Work order
From the first line of the records below through the line with "Close-up of the", output each line exactly; skip the pictures.

*** Opening of Records shown ***

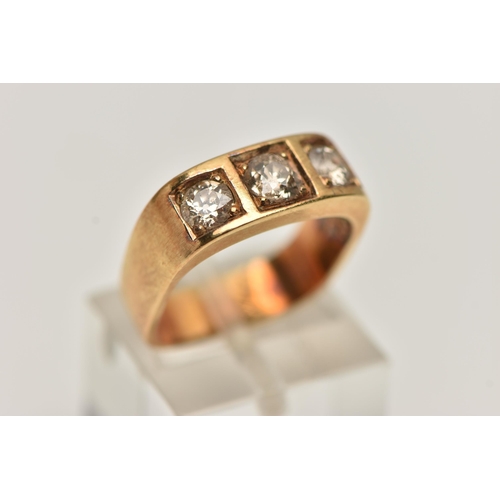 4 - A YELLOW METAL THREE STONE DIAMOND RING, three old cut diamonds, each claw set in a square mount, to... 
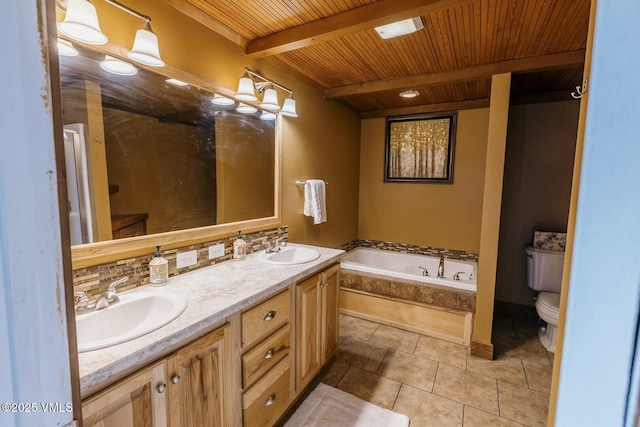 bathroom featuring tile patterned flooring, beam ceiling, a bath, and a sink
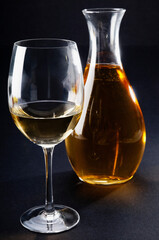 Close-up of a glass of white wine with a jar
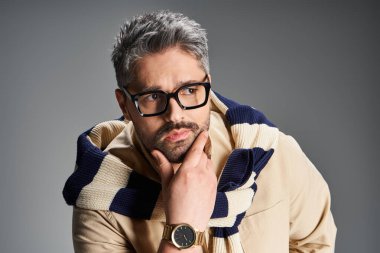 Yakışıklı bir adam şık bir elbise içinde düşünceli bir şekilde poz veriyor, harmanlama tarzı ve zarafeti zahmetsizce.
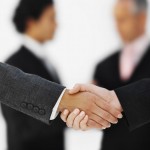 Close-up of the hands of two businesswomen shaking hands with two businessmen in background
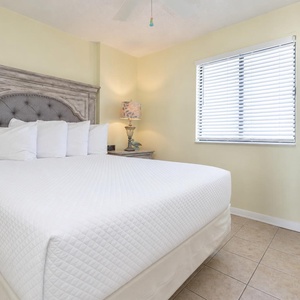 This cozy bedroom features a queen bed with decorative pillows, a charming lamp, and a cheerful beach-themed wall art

*** Close of Records shown ***

Result of this exercise
 4 - A YELLOW METAL THREE STONE DIAMOND RING, three old cut diamonds, each claw set in a square mount, to... 
 bathroom featuring tile patterned flooring, beam ceiling, a bath, and a sink
 Close-up of a glass of white wine with a jar
 Yakışıklı bir adam şık bir elbise içinde düşünceli bir şekilde poz veriyor, harmanlama tarzı ve zarafeti zahmetsizce.
 Close-up of the hands of two businesswomen shaking hands with two businessmen in background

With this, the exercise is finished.